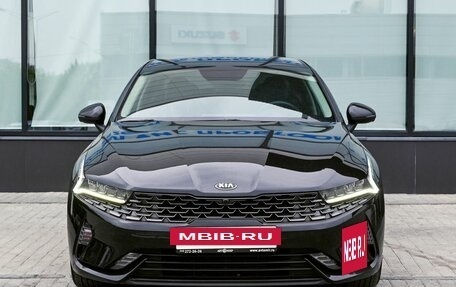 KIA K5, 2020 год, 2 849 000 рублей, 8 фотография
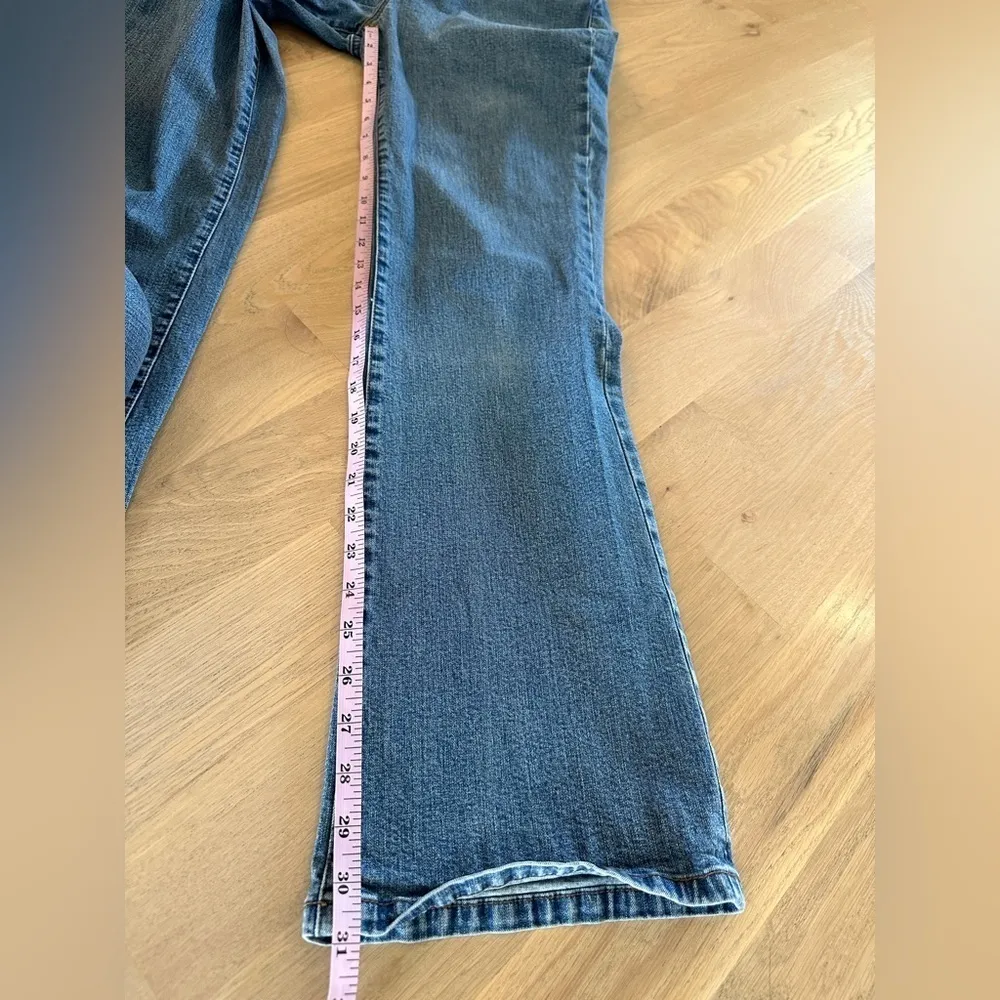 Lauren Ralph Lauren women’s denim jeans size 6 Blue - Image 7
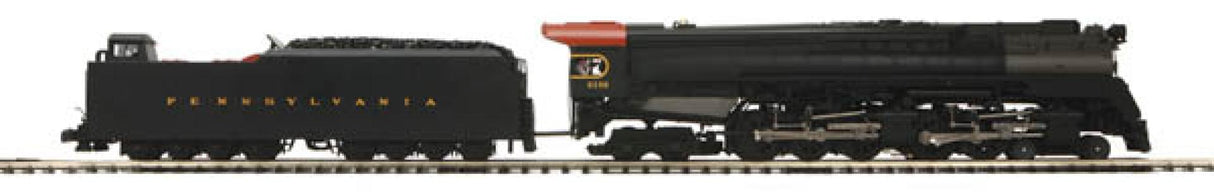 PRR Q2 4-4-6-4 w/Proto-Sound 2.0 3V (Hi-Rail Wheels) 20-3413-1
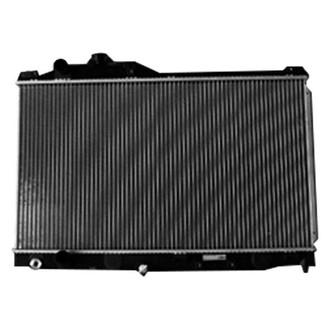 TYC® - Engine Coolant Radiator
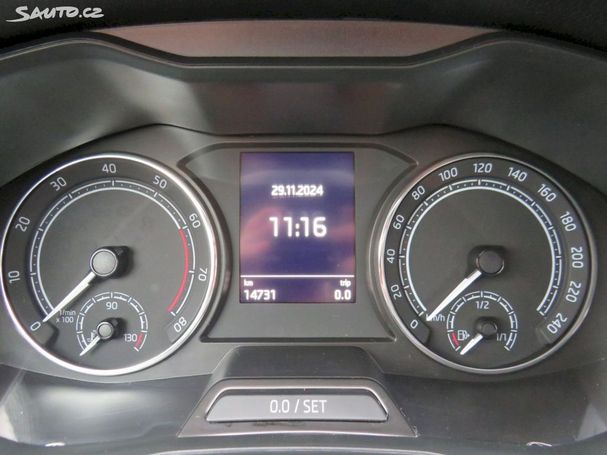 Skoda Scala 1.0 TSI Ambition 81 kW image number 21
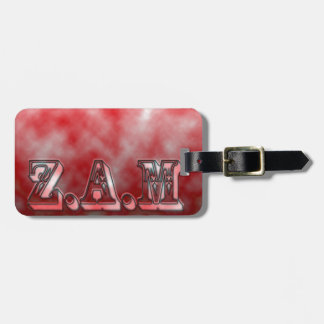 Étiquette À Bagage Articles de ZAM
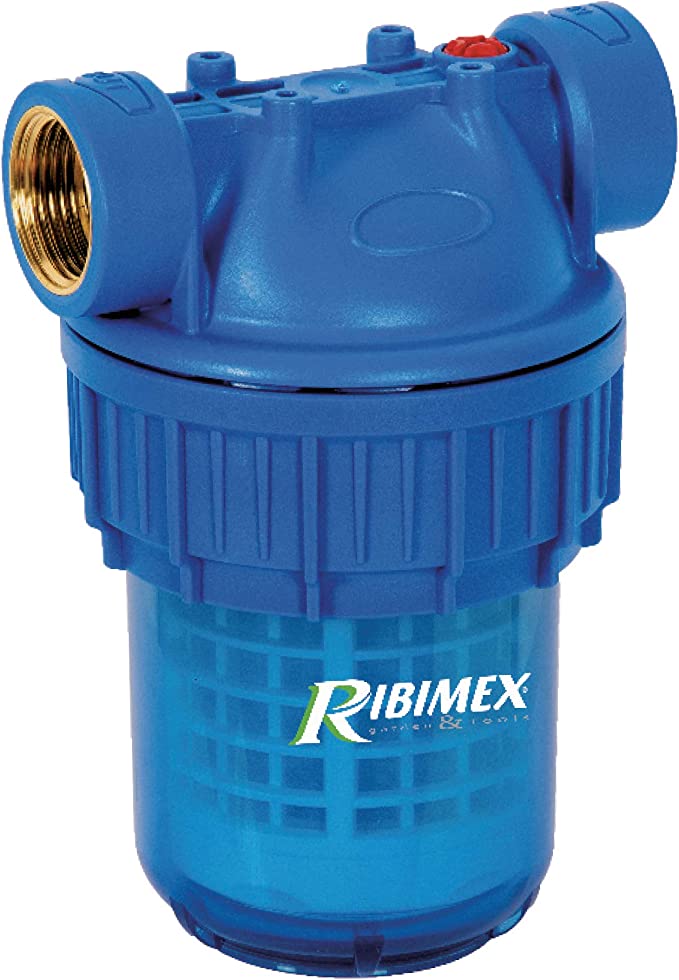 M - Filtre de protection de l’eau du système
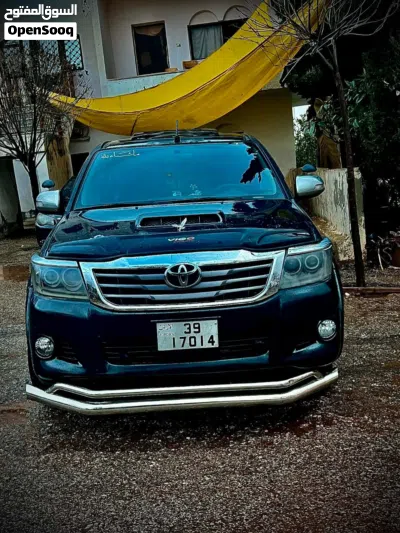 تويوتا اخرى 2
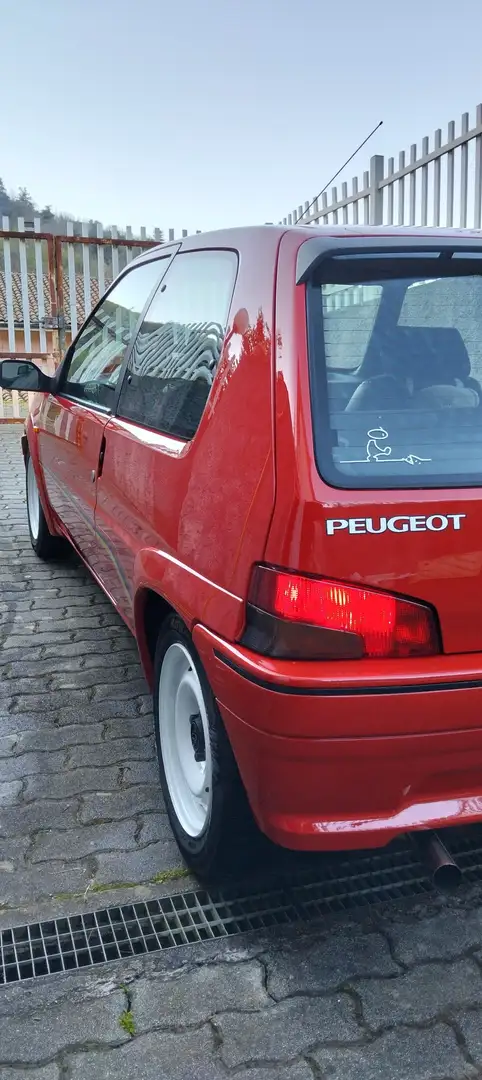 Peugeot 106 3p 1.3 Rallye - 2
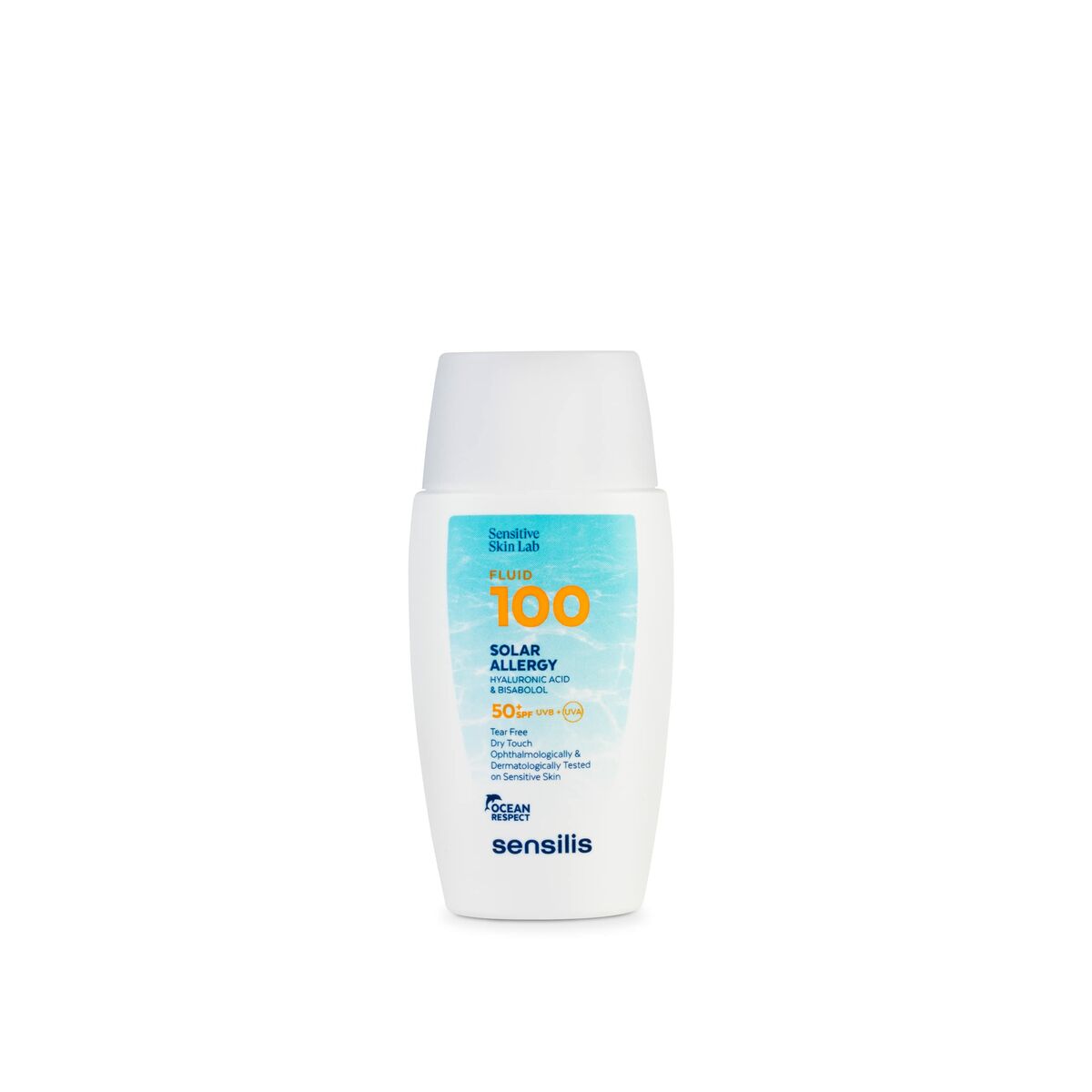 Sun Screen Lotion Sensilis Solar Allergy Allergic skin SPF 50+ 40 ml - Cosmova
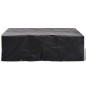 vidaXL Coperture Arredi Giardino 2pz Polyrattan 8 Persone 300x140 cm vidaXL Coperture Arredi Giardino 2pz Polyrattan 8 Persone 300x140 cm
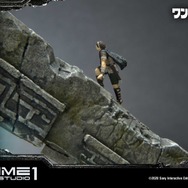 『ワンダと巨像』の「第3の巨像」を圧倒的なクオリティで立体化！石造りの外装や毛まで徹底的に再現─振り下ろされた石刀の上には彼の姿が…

···

YOUR ASSIGNMENT >> All pictures should be dropped; the lines from the one containing "Sun Screen Lotion" through the last line of the material are to be set down exactly.

SOLUTION >>
 Sun Screen Lotion Sensilis Solar Allergy Allergic skin SPF 50+ 40 ml - Cosmova
 vidaXL Coperture Arredi Giardino 2pz Polyrattan 8 Persone 300x140 cm vidaXL Coperture Arredi Giardino 2pz Polyrattan 8 Persone 300x140 cm
 『ワンダと巨像』の「第3の巨像」を圧倒的なクオリティで立体化！石造りの外装や毛まで徹底的に再現─振り下ろされた石刀の上には彼の姿が…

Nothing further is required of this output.